Minimum unit pricing
The Scottish Parliament legislated to introduce this in 2012. Since then it has been subject to legal challenge by the Scotch Whisky Association (SWA) and others in respect of whether its implementation was contrary to European Union competition law. In Scotland the Outer Court of Sessions ruled it was legal, but then the Inner Court of Sessions quashed that decision and sent it off to the European Court of Justice (ECJ) to be determined. The ECJ pretty much gave it the thumbs down, but returned it to the Scottish courts to determine. They gave it the thumbs up!
The position now is that the SWA wants to appeal this to the Supreme Court in London and have lodged an application with the Scottish Court for leave to appeal. The SWA’s decision to appeal has, of course, been subject to expressions of faux outrage by the cranks at Alcohol Focus Scotland who have characterised the decision to appeal as an affront to democracy! Comments like “it beggars belief” etc., etc.

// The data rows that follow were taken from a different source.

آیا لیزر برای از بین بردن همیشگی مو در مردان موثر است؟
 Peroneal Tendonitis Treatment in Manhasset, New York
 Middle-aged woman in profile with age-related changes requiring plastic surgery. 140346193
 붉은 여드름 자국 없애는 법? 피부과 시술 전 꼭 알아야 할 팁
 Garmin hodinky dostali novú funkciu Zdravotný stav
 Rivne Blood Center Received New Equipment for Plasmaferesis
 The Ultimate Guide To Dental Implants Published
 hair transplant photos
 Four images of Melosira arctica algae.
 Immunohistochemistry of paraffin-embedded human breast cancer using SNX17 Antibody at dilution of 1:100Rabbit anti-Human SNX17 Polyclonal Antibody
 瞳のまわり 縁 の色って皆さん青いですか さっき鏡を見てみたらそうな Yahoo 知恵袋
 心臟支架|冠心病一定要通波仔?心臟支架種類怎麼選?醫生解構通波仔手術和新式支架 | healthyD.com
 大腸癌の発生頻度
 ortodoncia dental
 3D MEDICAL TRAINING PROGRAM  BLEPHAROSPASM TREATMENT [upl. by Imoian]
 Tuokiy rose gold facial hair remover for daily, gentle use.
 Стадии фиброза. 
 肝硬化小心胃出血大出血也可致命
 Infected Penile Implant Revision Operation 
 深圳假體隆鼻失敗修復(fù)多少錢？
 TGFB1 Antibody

I am opposed to MUP because I think it is a bad policy; if it also turns out, eventually, to be unlawful, then I think that would be enormously helpful. But, then we’re supposed to be leaving the EU aren’t we? So whether we continue to be subject to ECJ rulings will depend on whether we want access to the single market.
All three of these issues will continue to make waves in the coming year. Watch this space!